Options and derivatives
We know that options are classified as derivatives, but do we know why? As the name suggests, it means that their values are derived from an underlying security’s performance or price action. The most significant component where an option gets its value is from underlying option security. Other people consider underlying assets as a similar counterparts. They can be anything from stocks, indexes, currencies, or even commodities — they are the basis of an option’s worth.
An option’s worth
Earlier, we already mentioned a variety of derivatives from where the option may derive from. Yes, they may have different derivatives, but they all have the same common ground. It is the fact that their value depends on an underlying asset or a security. Hence, when an underlying security’s price creates movements, this will create a ripple effect on the option’s pricing. Again, it is because the option’s price or worth is based on that underlying security.
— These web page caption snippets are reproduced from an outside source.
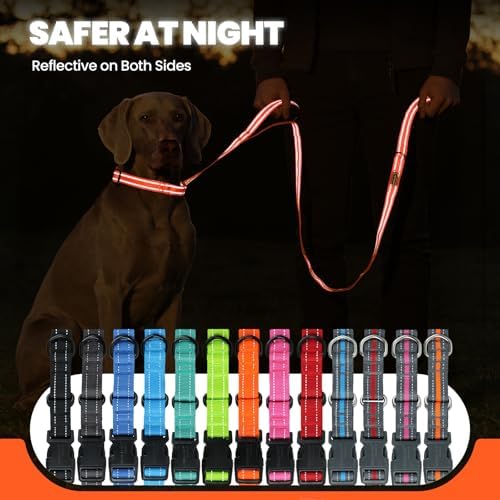 VIVAGLORY Double Handle Dog Leash Twingrip, 5ft x 1in, L, Orange - Image 5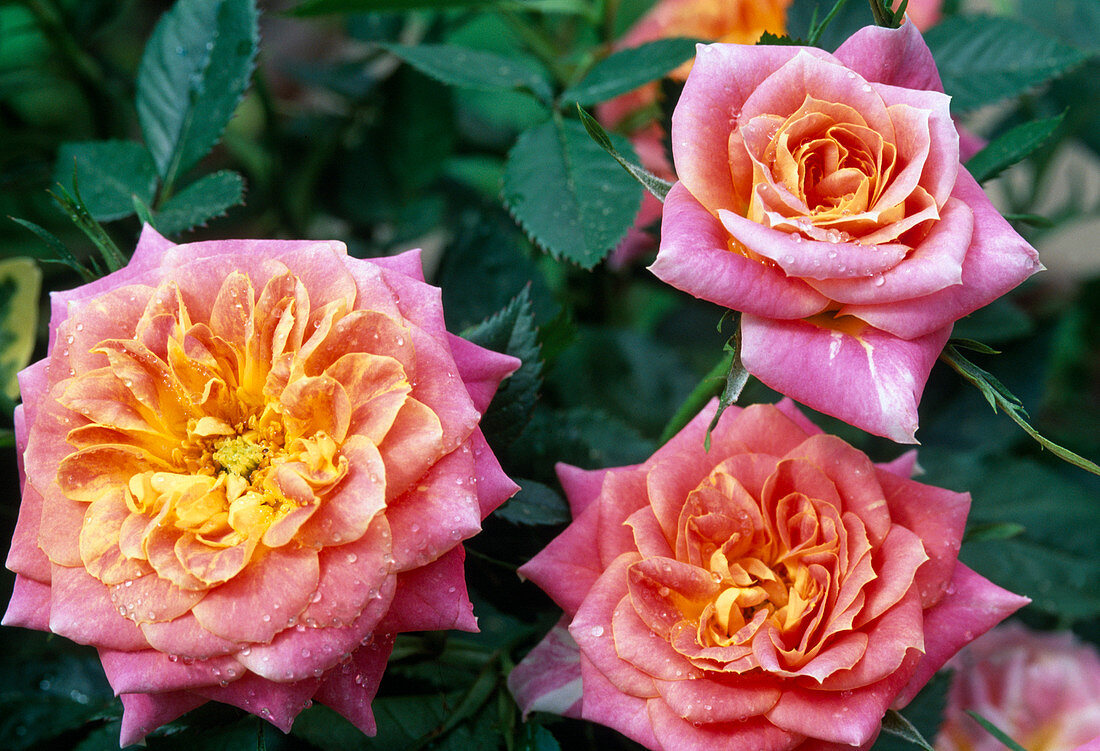 Rose 'Baby Masquerade'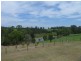 428 McIntosh Creek Rd, Mcintosh Creek QLD 4570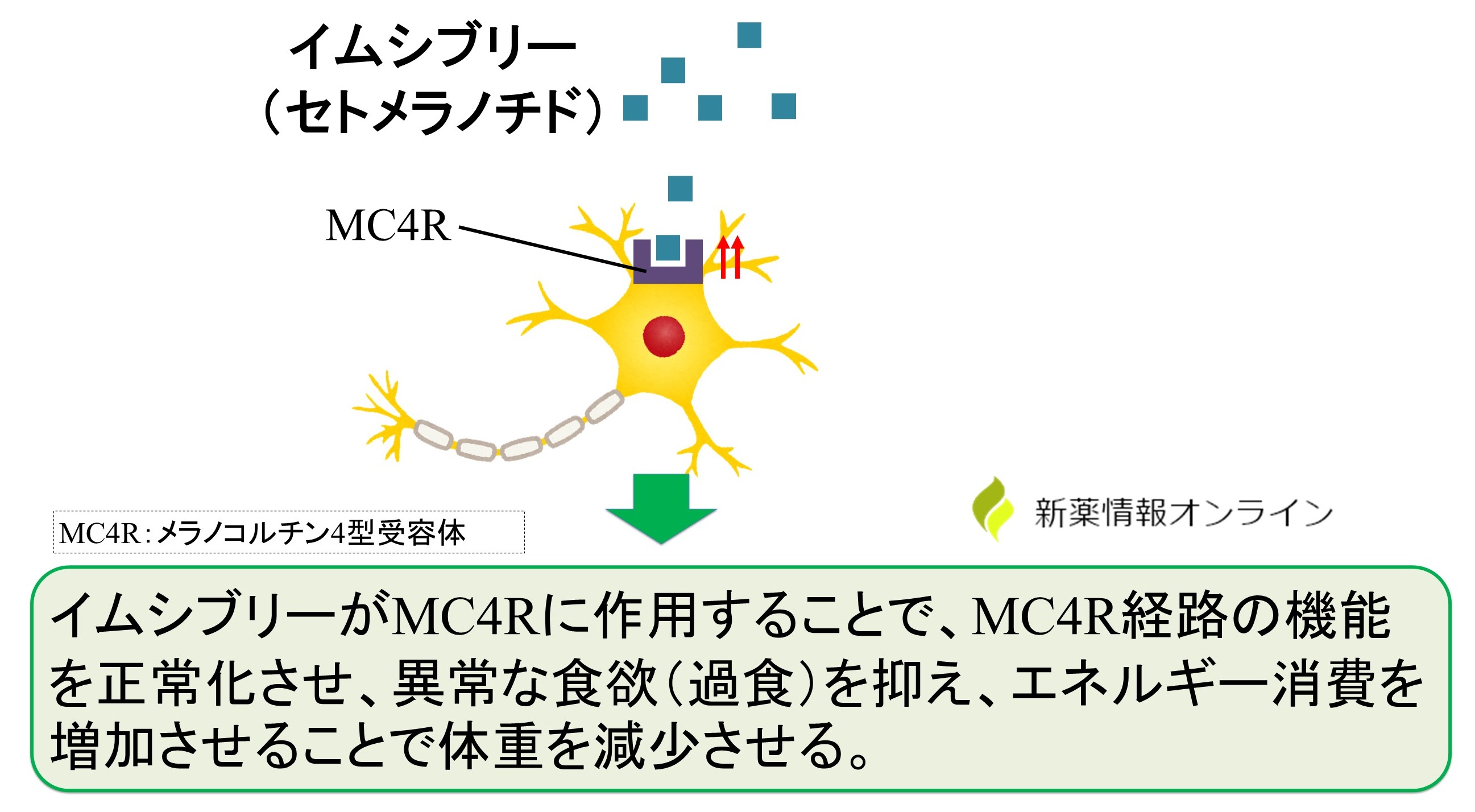 イムシブリー(セトメラノチド)の作用機序:MC4R作動薬
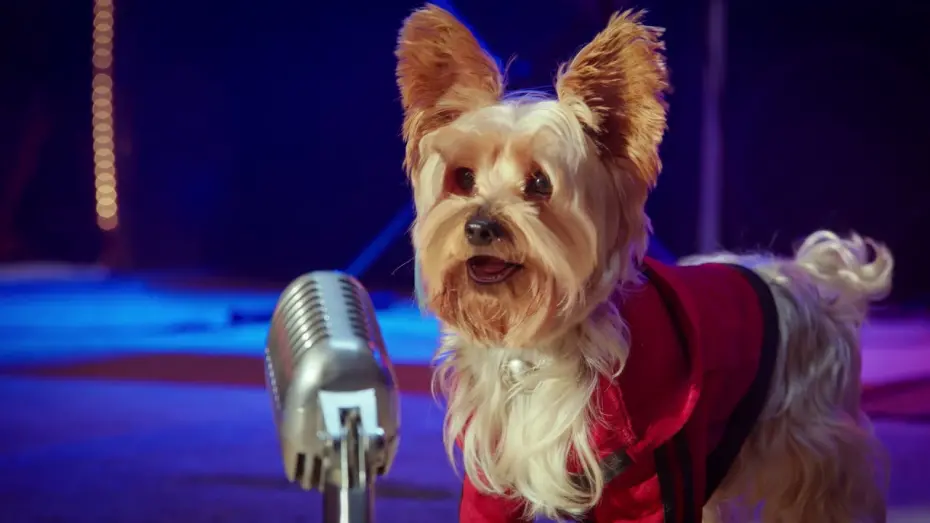 Wideo do filmu Pup Star: Razem raźniej — I Got This Music Video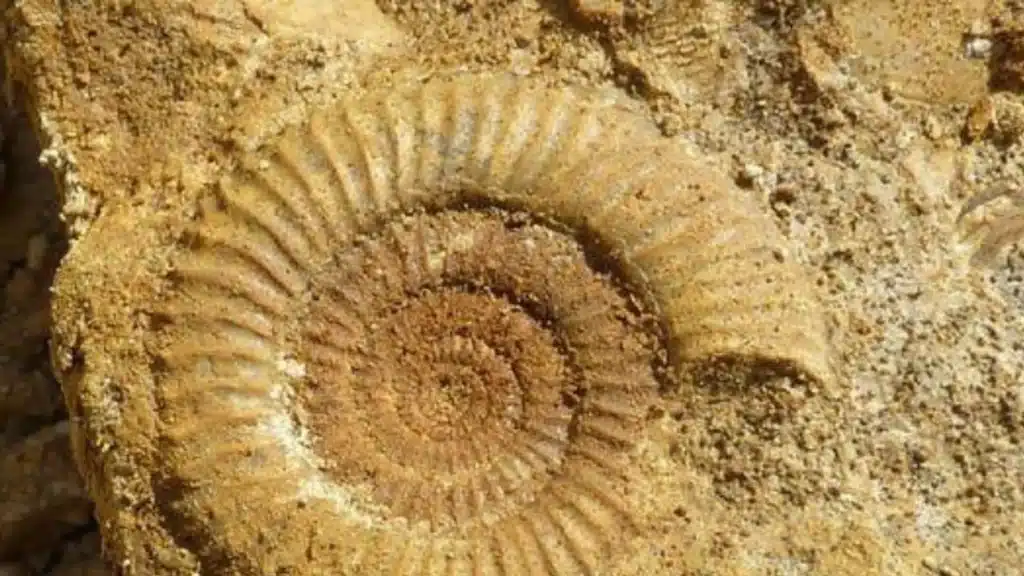 Fossil Exploration in Merzouga Fossil Exploration in Merzouga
Let us cite an example where a Netflix stock is the underlying stock. Let us assume that I made a call option on the Netflix stock. As a holder, I do not have any obligations, but I do have the right to buy that Netflix stock at a specific price written in the options contract.
Simply, “the underlying”
When we talk about derivatives like options, we often call the underlying asset or underlying security “the underlying.” It can be any derivative such as assets, indexes, financial instruments, and the like. Traders maximize the use options when they make speculations or hedges against the price movements that the underlying option security may have in the future. Traders find combining options help them make a better strategy to meet their specific needs. This also helps them make risk management that personally fits them and their trading style and strategy.
What if there are no options in the world of trading and investments?
Most of the time, this happens when an option is involved: one entity delivers an underlying item in the options contract, and another entity accepts it. We say “most of the time” because there is an exception. In cases where the underlying is an index, the exchange at the end of the options contract is always on a cash basis. So, if options never existed in trading, traders will buy and sell the underlying in a straightforward manner. The underlying does not have any role here other than to be itself.
Other roles of the underlying
It is not a smooth-sailing and linear relationship between the options and the underlying. But some options strategies can help hedge some options characteristics to achieve a more linear relationship between the two. We have the “Greeks,” which are characteristics that tell us the non-linearity level of an options pricing model. For additional information, they are called as such because the representations are from Greek letters like the delta and theta. We now learn that an underlying also plays a vital role in trading when it comes to options pricing.